Terri remembers being in her psychologist’s office, expressing how alone she felt. Her friends were having children and growing their careers but she also no longer felt she directly related to other patients who were still in the throes of treatment. Her psychologist explained what she was experiencing could essentially be considered a midlife crisis-just at 30. While the therapist said that her peers would catch up in their experiences and perspectives eventually, that if Terri could do something that related to her current values and interests, she could connect with others who shared them.
This is the concept that allows attendees to connect so well with one another. There is a robust selection process in which potential participants are interviewed by program alumni and speak with Terri or a member of her team. They discuss what each person is looking for and whether or not AFC programs are the right fit for them
“Timing is important. Do you want to move forward and give back to others?”-Terri
Terri feels volunteering is perhaps the most important element of the programs.
“That’s the piece that gets people out of feeling victimized. That empowers them and gives them the perspective that struggle and resilience is universal.”-Terri
Those who are newly diagnosed may need more specific support groups or tumor specific support and may not be quite ready to think about long term. In these cases, AFC will refer patients to other organizations that may be more helpful for them.
For those who are not healthy enough to travel, or those uninterested in traveling, AFC is building an online only curriculum. AFC also provides programs within the US.
“I needed something big -a jolt- but everyone is different. We want to find the right recipe for each person. We want people to feel heard, seen, and valued. We create a broader sense of belonging.”-Terri
AFC has programs located in four countries including the US, with plans to expand to a fifth- a pilot program will be taking place in Kenya in the fall of 2019.

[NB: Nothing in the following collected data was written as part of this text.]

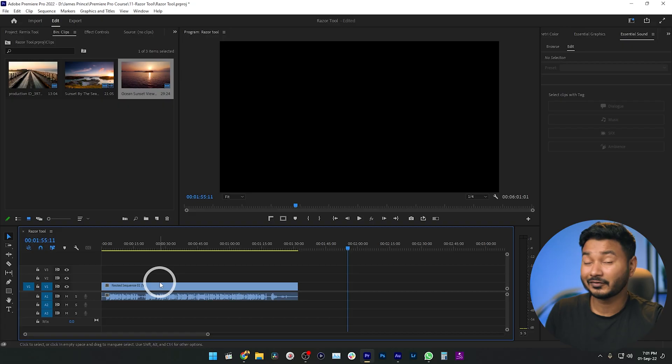This video will be very quick and simple because today we are going to learn how you can use the razor tool in Adobe Premiere Pro. Be sure to watch till the end because I'm going to show you some tips that you can use to trim and cut your video very easily.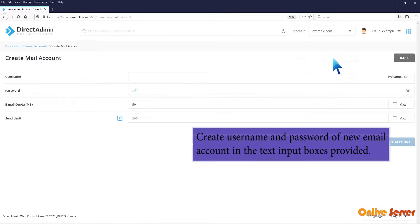Create Username and Password of New Email Account in the text input boxes provided.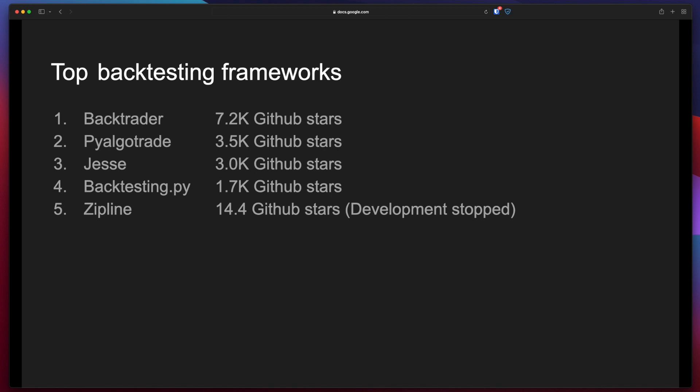Personally, I only used Backtrader so far but I've researched all the frameworks as well. And here we can see how many GitHub stars each one of these frameworks has.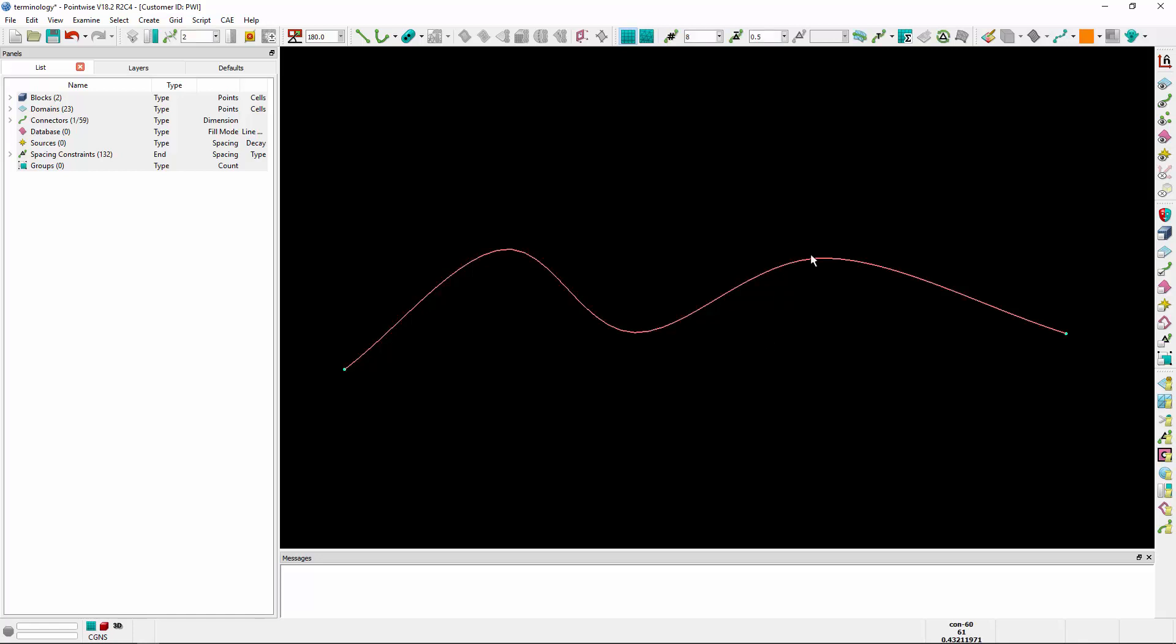Next is a dimension. To illustrate that, I'm going to turn on the display of grid points. The number of grid points assigned to the connector, as you see here, each one of these dots - the total number of grid points assigned to that connector is that connector's dimension.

AFC’s programs are not only focused on the well-being and growth of its participants, but also the impact they are having on local communities. The programs are meant to be both mutually beneficial for travelers and locals. AFC ensures that its effects on local communities are what each community needs by working directly with local partners for deliberate and sustainable assistance that considers unique needs and cultural contexts.
For this reason, AFC will continue to grow and develop while most likely not continuing to expand their locations.
“I want the people living there to have a meaningful experience, for there to be a sustainable, true partnership and to cultivate a relationship. With fewer countries we can have a deeper impact. “-Terri
AFC has plans for future programs for Alumni and more advocacy leadership programs. Program Alumni have a history of keeping in touch and staying involved – via meet ups, WhatsApp groups, and ambassadorship. Terri hopes to host an in-person forum in the future so they can reconnect face to face.